*** Begin section ***

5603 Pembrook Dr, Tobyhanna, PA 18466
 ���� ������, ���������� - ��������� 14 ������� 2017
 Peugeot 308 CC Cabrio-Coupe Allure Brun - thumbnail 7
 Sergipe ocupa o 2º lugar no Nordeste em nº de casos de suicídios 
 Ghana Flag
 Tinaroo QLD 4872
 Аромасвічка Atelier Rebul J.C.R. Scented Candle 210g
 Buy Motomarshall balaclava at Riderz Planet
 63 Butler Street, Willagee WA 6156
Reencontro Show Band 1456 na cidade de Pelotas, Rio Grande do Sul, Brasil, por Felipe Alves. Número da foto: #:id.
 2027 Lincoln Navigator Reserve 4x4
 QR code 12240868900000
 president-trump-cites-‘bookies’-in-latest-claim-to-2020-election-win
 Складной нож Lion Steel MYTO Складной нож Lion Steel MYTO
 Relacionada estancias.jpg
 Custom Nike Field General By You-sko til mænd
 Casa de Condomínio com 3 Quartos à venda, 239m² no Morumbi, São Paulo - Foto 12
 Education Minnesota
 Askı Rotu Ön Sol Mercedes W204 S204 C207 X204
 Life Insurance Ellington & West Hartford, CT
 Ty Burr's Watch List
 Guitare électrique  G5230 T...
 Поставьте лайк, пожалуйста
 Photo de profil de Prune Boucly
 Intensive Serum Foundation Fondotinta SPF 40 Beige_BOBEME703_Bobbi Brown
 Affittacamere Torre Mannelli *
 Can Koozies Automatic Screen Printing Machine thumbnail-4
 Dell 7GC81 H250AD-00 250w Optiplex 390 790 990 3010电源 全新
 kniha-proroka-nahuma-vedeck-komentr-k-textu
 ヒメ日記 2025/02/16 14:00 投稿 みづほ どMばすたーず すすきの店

*** End section ***

| WHAT NEEDS TO BE DONE |
Each line from the top of the records through the one with "Tinaroo QLD 4872" should be returned exactly. Leave out everything else.

| ANSWER SECTION |
5603 Pembrook Dr, Tobyhanna, PA 18466
 ���� ������, ���������� - ��������� 14 ������� 2017
 Peugeot 308 CC Cabrio-Coupe Allure Brun - thumbnail 7
 Sergipe ocupa o 2º lugar no Nordeste em nº de casos de suicídios 
 Ghana Flag
 Tinaroo QLD 4872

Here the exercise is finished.